- _COLLECTED MATERIAL_:
....
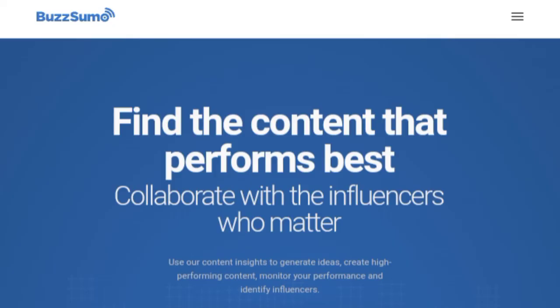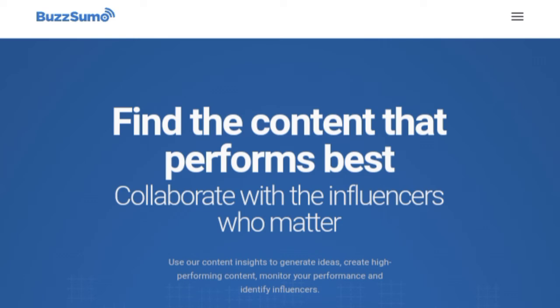Buzzsumo is a great resource for tracking the most popular topics on the web. You can find out which keywords are being used most frequently, as well as see what articles, videos, and tweets are driving the conversation. One of the nifty features of Buzzsumo is that you can map a keyword's popularity across different social media platforms so you can get an even better picture of its reach.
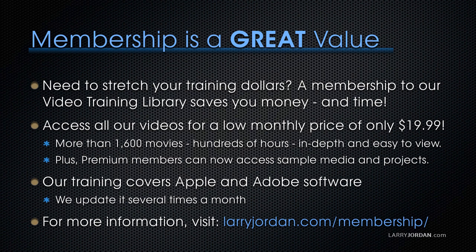Plus, premium members can now access sample media and projects. Our training covers Apple and Adobe software. We update it several times a month. And for more information, visit LarryJordan.com slash membership. And thanks.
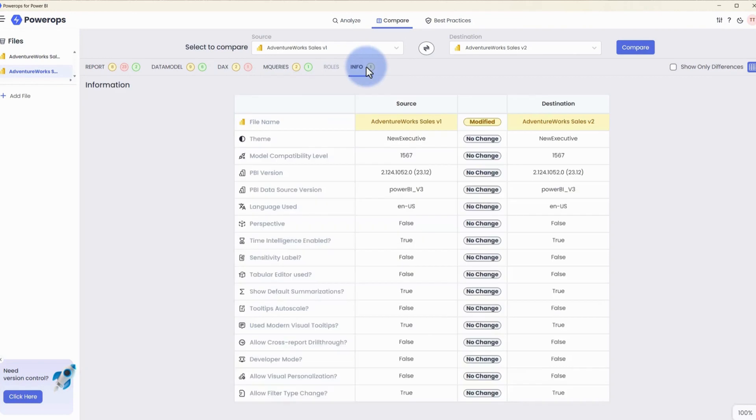And last but not least, showing the info section again, with the show only differences unchecked, you can see all of the attributes that are actually listed in here, but again, highlighting just the things that have been changed.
....
- _WHAT YOU NEED TO DO_: When copying the material, leave every image behind and keep each line verbatim.

- _TASK ANSWER_:
Buzzsumo is a great resource for tracking the most popular topics on the web. You can find out which keywords are being used most frequently, as well as see what articles, videos, and tweets are driving the conversation. One of the nifty features of Buzzsumo is that you can map a keyword's popularity across different social media platforms so you can get an even better picture of its reach.
Plus, premium members can now access sample media and projects. Our training covers Apple and Adobe software. We update it several times a month. And for more information, visit LarryJordan.com slash membership. And thanks.
And last but not least, showing the info section again, with the show only differences unchecked, you can see all of the attributes that are actually listed in here, but again, highlighting just the things that have been changed.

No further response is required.